→ **Records from a data collection**
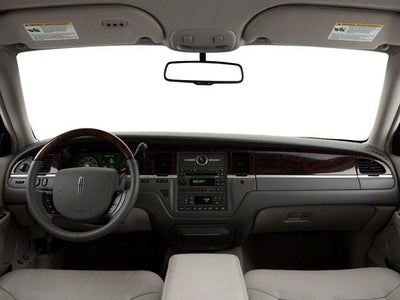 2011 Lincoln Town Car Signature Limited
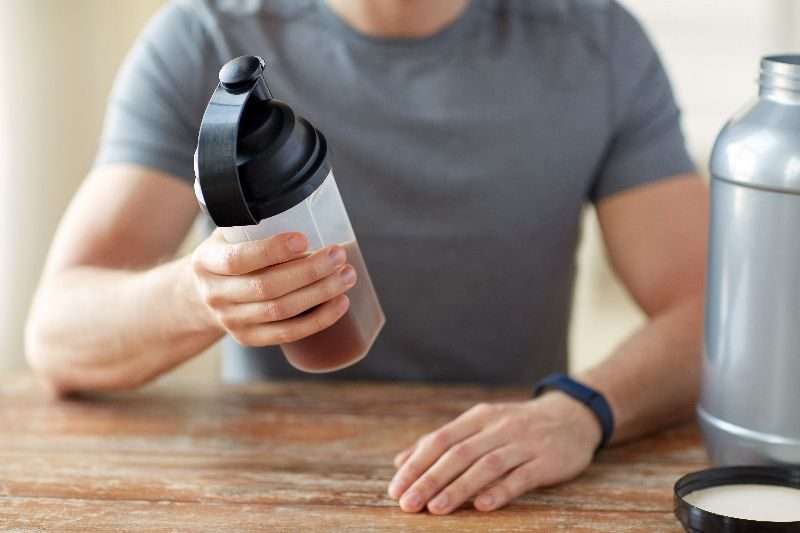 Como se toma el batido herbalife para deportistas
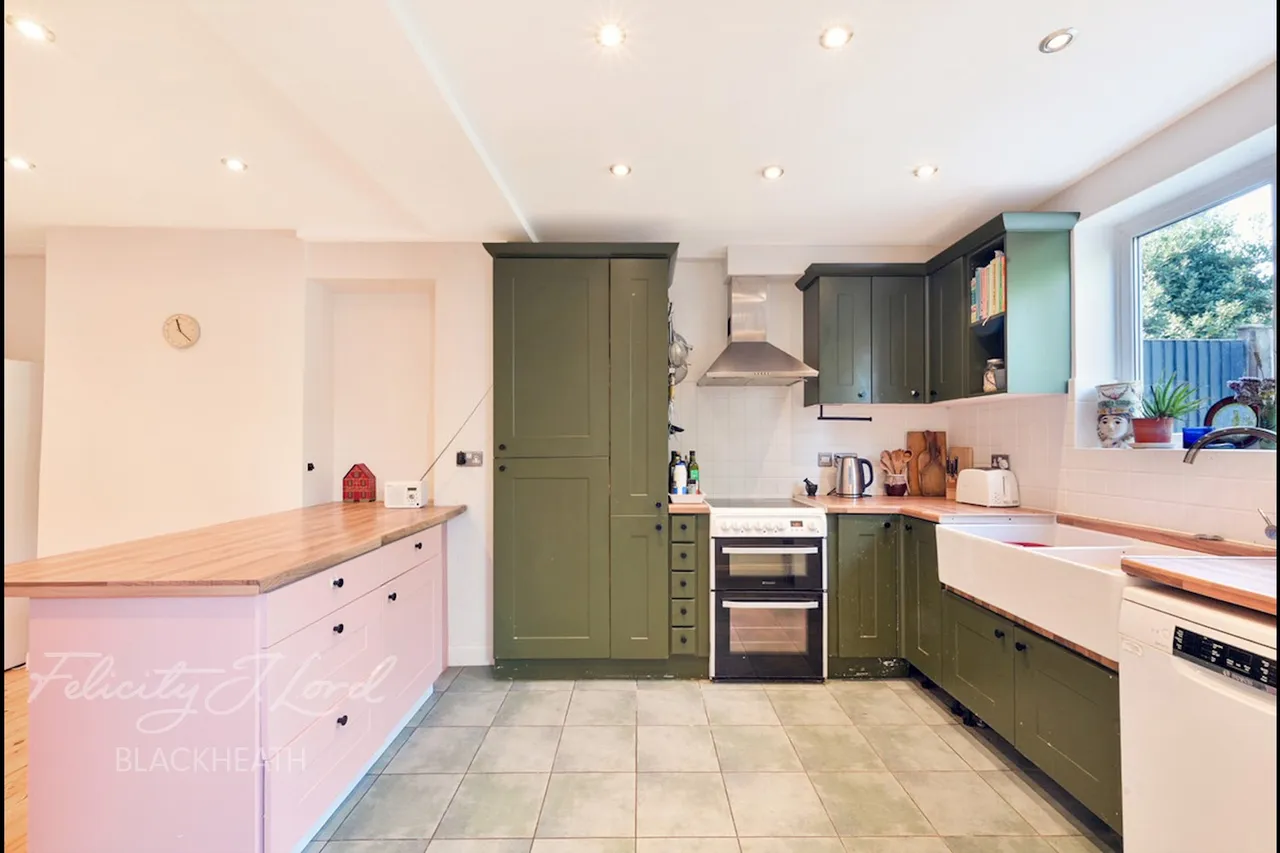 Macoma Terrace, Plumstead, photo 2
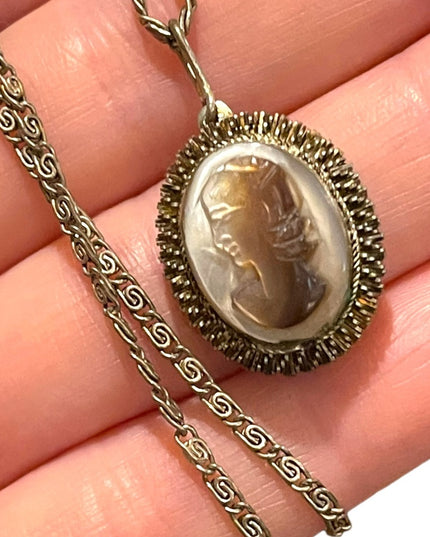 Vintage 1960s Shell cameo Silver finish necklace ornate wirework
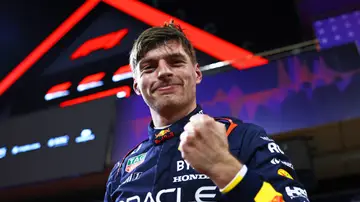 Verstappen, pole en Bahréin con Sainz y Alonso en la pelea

→ **TASK DESCRIPTION**
I'd like the entries above repeated exactly, but without any of their pictures.

→ **RESULT FOR THIS TASK**
 2011 Lincoln Town Car Signature Limited
 Como se toma el batido herbalife para deportistas
 Macoma Terrace, Plumstead, photo 2
 Vintage 1960s Shell cameo Silver finish necklace ornate wirework
 Verstappen, pole en Bahréin con Sainz y Alonso en la pelea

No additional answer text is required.